■ Task goal: For this exercise, copy exactly the lines below from the one with "On Desmos: nPr(365, 5)" through the one with "The next unit" and leave out the pictures.

■ Data for the task:

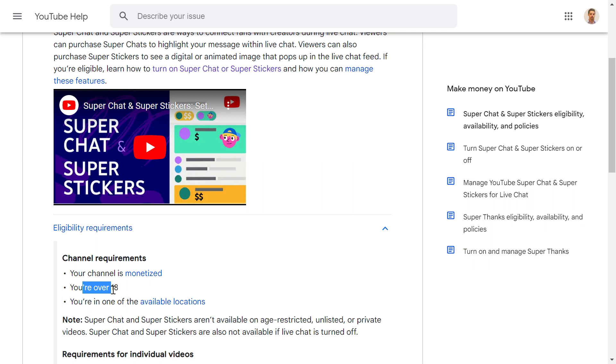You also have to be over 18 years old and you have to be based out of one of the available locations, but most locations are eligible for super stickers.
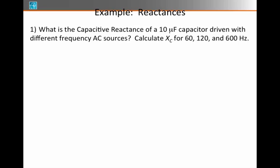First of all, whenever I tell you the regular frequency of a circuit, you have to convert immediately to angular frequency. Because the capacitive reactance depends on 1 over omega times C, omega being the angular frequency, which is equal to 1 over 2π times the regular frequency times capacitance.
---
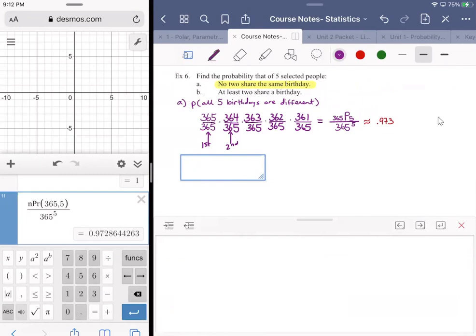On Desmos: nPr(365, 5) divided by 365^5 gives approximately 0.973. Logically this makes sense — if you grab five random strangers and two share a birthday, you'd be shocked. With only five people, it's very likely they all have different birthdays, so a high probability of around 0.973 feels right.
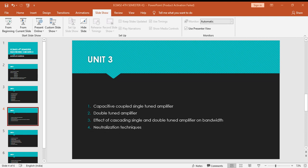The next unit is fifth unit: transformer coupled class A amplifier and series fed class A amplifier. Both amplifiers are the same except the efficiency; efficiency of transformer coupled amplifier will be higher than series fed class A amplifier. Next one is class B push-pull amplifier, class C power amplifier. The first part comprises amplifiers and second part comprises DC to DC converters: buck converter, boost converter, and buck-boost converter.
---
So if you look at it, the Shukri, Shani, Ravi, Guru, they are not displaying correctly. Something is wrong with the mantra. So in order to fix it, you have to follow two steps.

■ Answer section:
On Desmos: nPr(365, 5) divided by 365^5 gives approximately 0.973. Logically this makes sense — if you grab five random strangers and two share a birthday, you'd be shocked. With only five people, it's very likely they all have different birthdays, so a high probability of around 0.973 feels right.
The next unit is fifth unit: transformer coupled class A amplifier and series fed class A amplifier. Both amplifiers are the same except the efficiency; efficiency of transformer coupled amplifier will be higher than series fed class A amplifier. Next one is class B push-pull amplifier, class C power amplifier. The first part comprises amplifiers and second part comprises DC to DC converters: buck converter, boost converter, and buck-boost converter.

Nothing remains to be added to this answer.